You can figure out the distance between two objects by subtracting their positions and taking the absolute value of the difference. Imagine that the white knight is at position 4 and the black knight is at position -2. The distance would be 6, since 4 - -2 is 6, and the absolute value of 6 is 6.

It works no matter what the order of the numbers is. -2 - 4 (that is, negative two minus four) is -6, and the absolute value of -6 is also 6.

Python’s abs() function returns the absolute value of an integer. Try entering the following into the interactive shell:

>>> abs(-5)

5

>>> abs(42)

42

>>> abs(-10.5)

10.5

## Coordinate System of a Computer Screen Figure 12-12: The Cartesian coordinate system on a computer screen.

It is common that computer screens use a coordinate system that has the origin (0, 0) at the top left corner of the screen, which increases going down and to the right. This is shown in Figure 12-12. There are no negative coordinates. Most computer graphics use this coordinate system, and you will use it in this book’s games.

Summary

Most programming doesn’t require understanding a lot of math. Up until this chapter, we’ve been getting by on simple addition and multiplication.

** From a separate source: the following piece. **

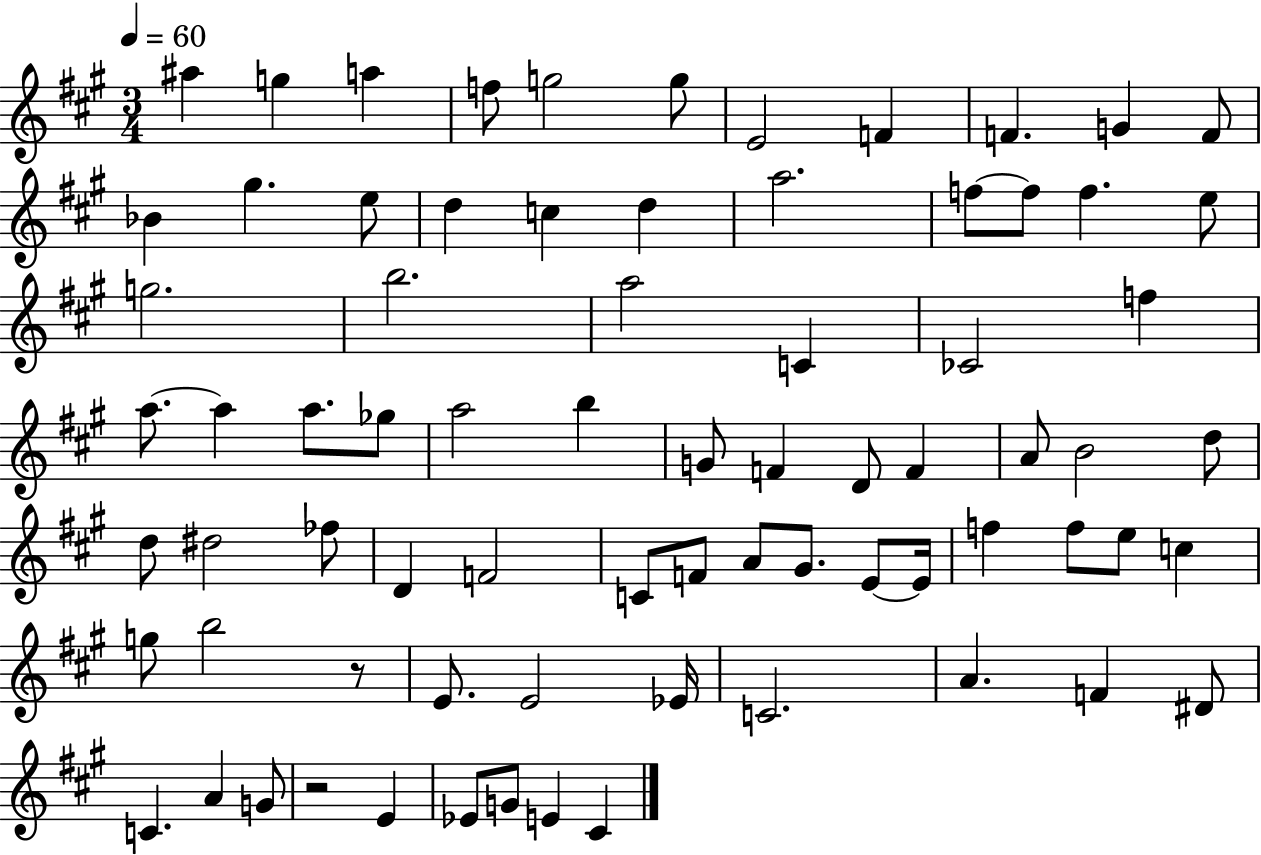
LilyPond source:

Cartesian coordinate systems are needed to describe where in a two-dimensional area a certain position is. Coordinates have two numbers: the X-coordinate and the Y-coordinate. The X-axis runs left and right and the Y-axis runs up and down. On a computer screen, origin is in the top-left corner and the coordinates increase going right and down.

The three tricks you learned in this chapter make it easy to add positive and negative integers. The first trick is that a minus sign will eat the plus sign on its left. The second trick is that two minuses next to each other will combine into a plus sign. The third trick is that you can swap the position of the numbers you are adding.

For the rest of the book, we will use the concepts from this chapter in our games because they have two-dimensional areas in them. All graphical games require understanding how Cartesian coordinates work.